TO DO
Line by line, output everything from the one that contains "Molde Frutas Y Flores Chocolate - Image 4" through the end of the material below, exactly as written and with no pictures.

PROVIDED DATA

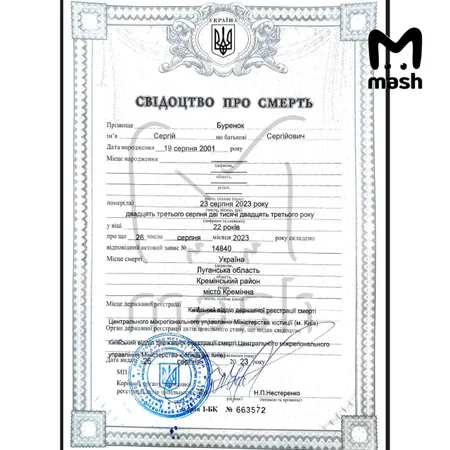 Названо точное число потерь армии Украины за три года СВО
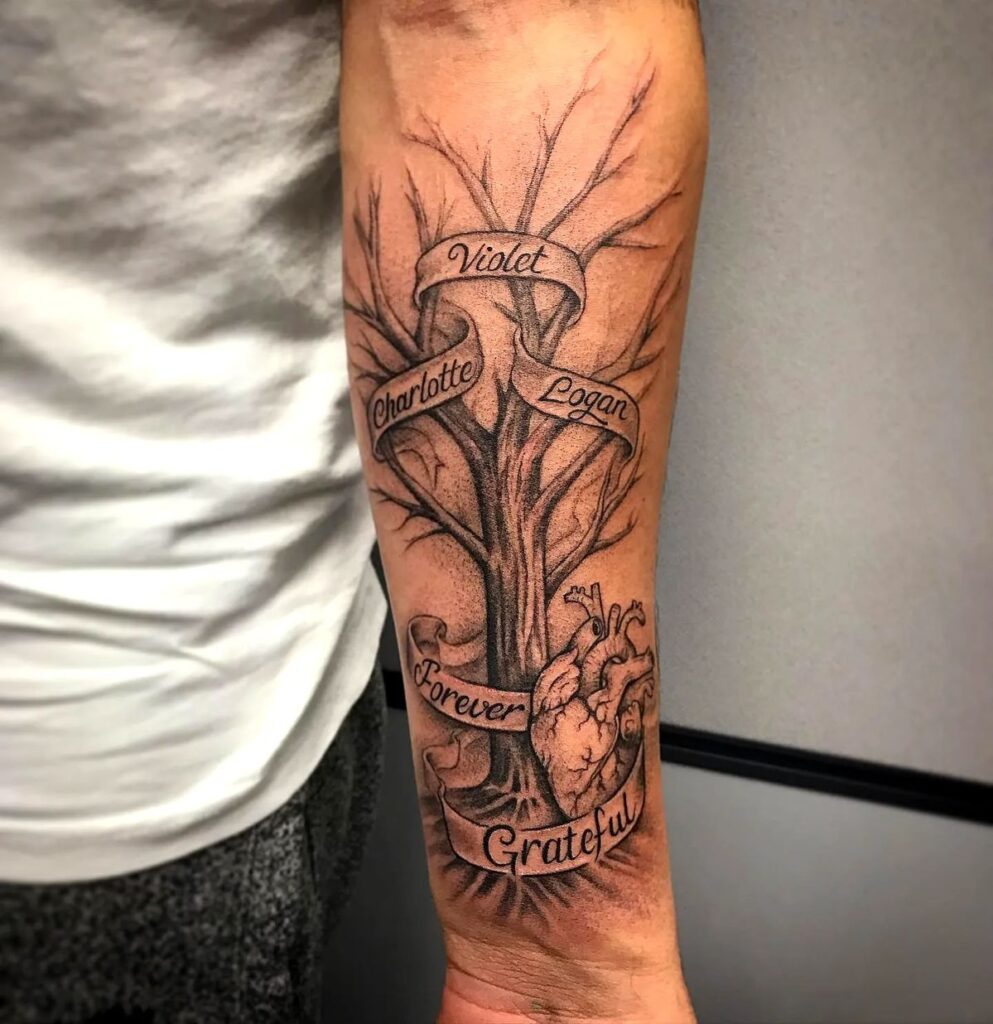 Family Tree Tattoo Ideas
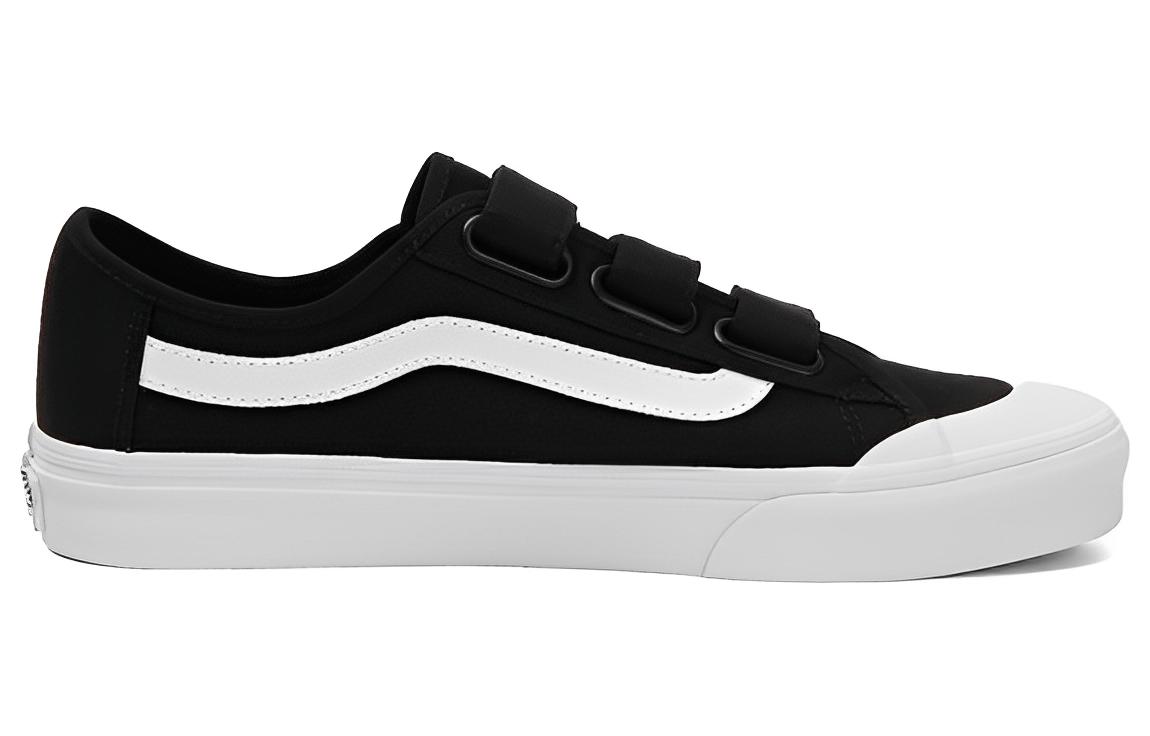 Order Vans 黑球 V 黑 防滑耐磨輕便 低幫 板鞋 男女同款 黑白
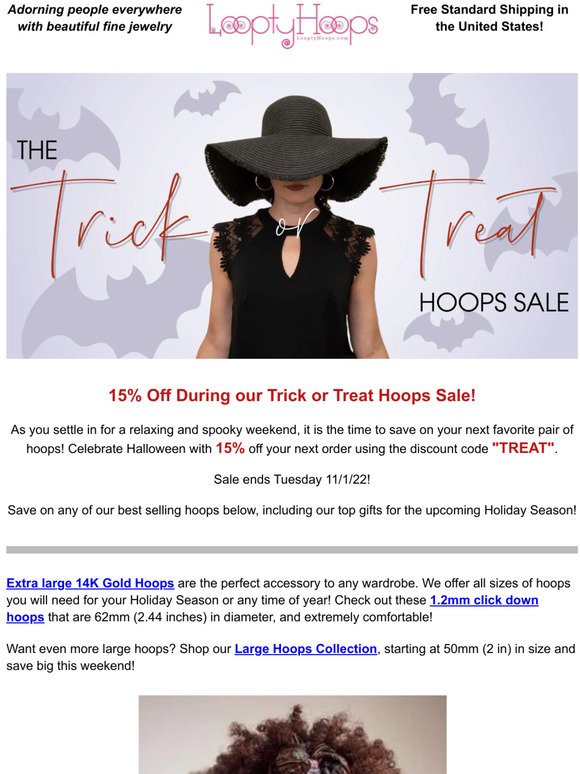 Scary Good Sale on Hoops for You!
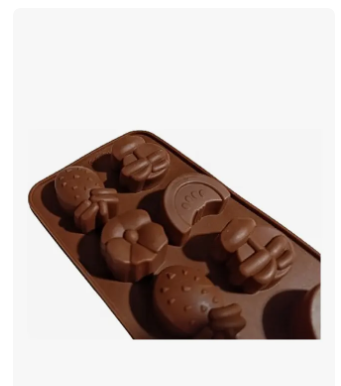 Molde Frutas Y Flores Chocolate - Image 4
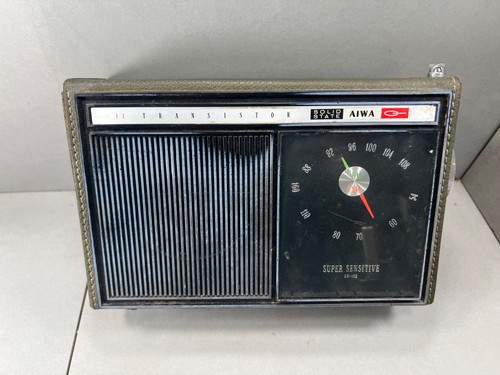 Radio portatile aiwa 142 - radio,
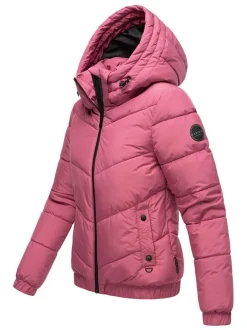 Marikoo Damen Steppjacke - Nayanaa XVI in rot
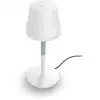 Image de La lampe hue go portable blanc 8719514404571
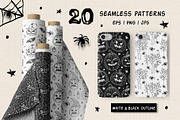 Happy Halloween doodle collection, an Object Graphic by Irina Avdeeva (Thumbnail 6 of 10)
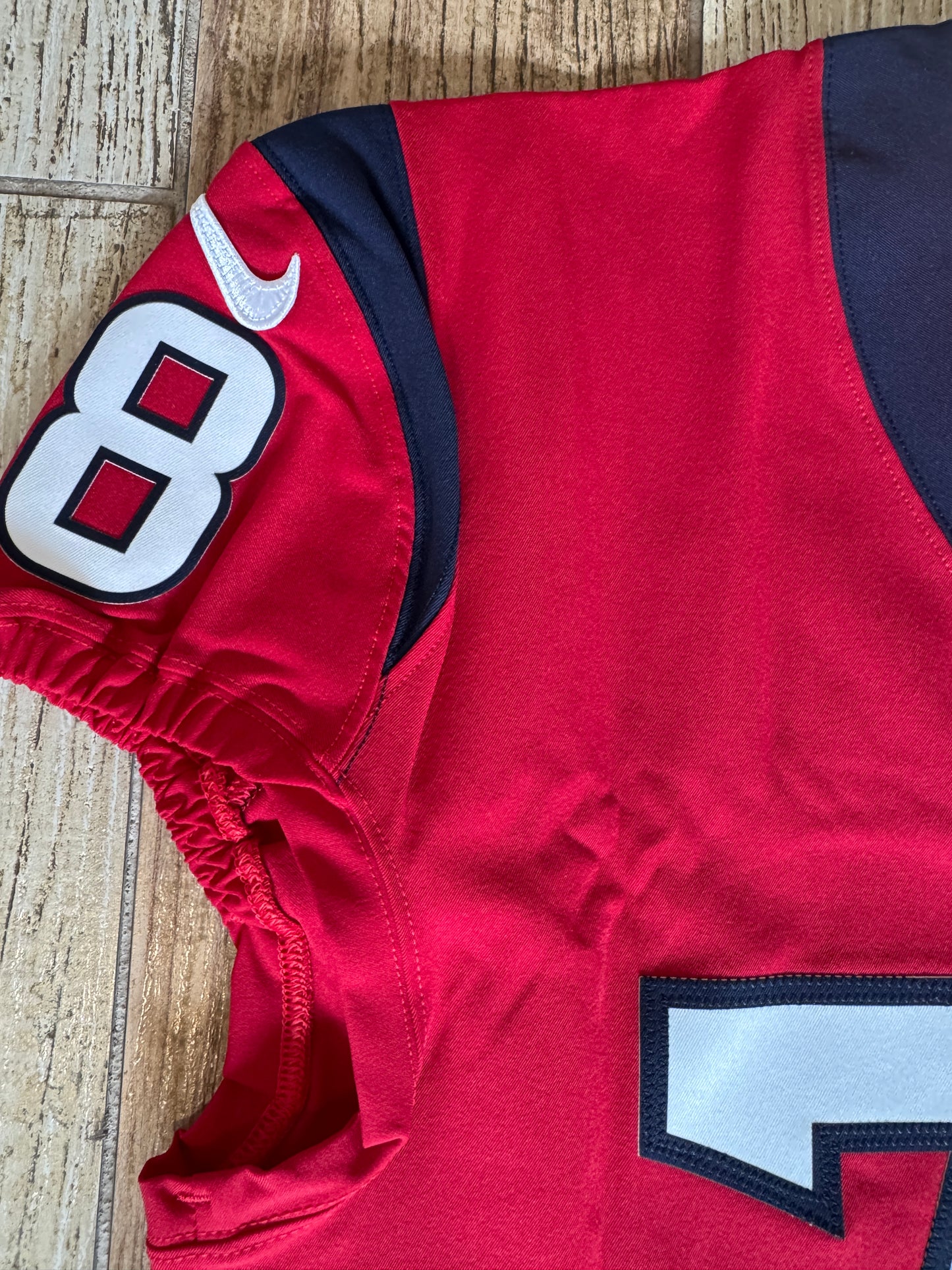 Laremy Tunsil Team Issued 💪 Houston Texans 🐂 Nike NFL Jersey 👕 Also included is COA 🛡️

TASK OUTPUT
 Molde Frutas Y Flores Chocolate - Image 4
 Radio portatile aiwa 142 - radio,
 Marikoo Damen Steppjacke - Nayanaa XVI in rot
 Image de La lampe hue go portable blanc 8719514404571
 Happy Halloween doodle collection, an Object Graphic by Irina Avdeeva (Thumbnail 6 of 10)
 Laremy Tunsil Team Issued 💪 Houston Texans 🐂 Nike NFL Jersey 👕 Also included is COA 🛡️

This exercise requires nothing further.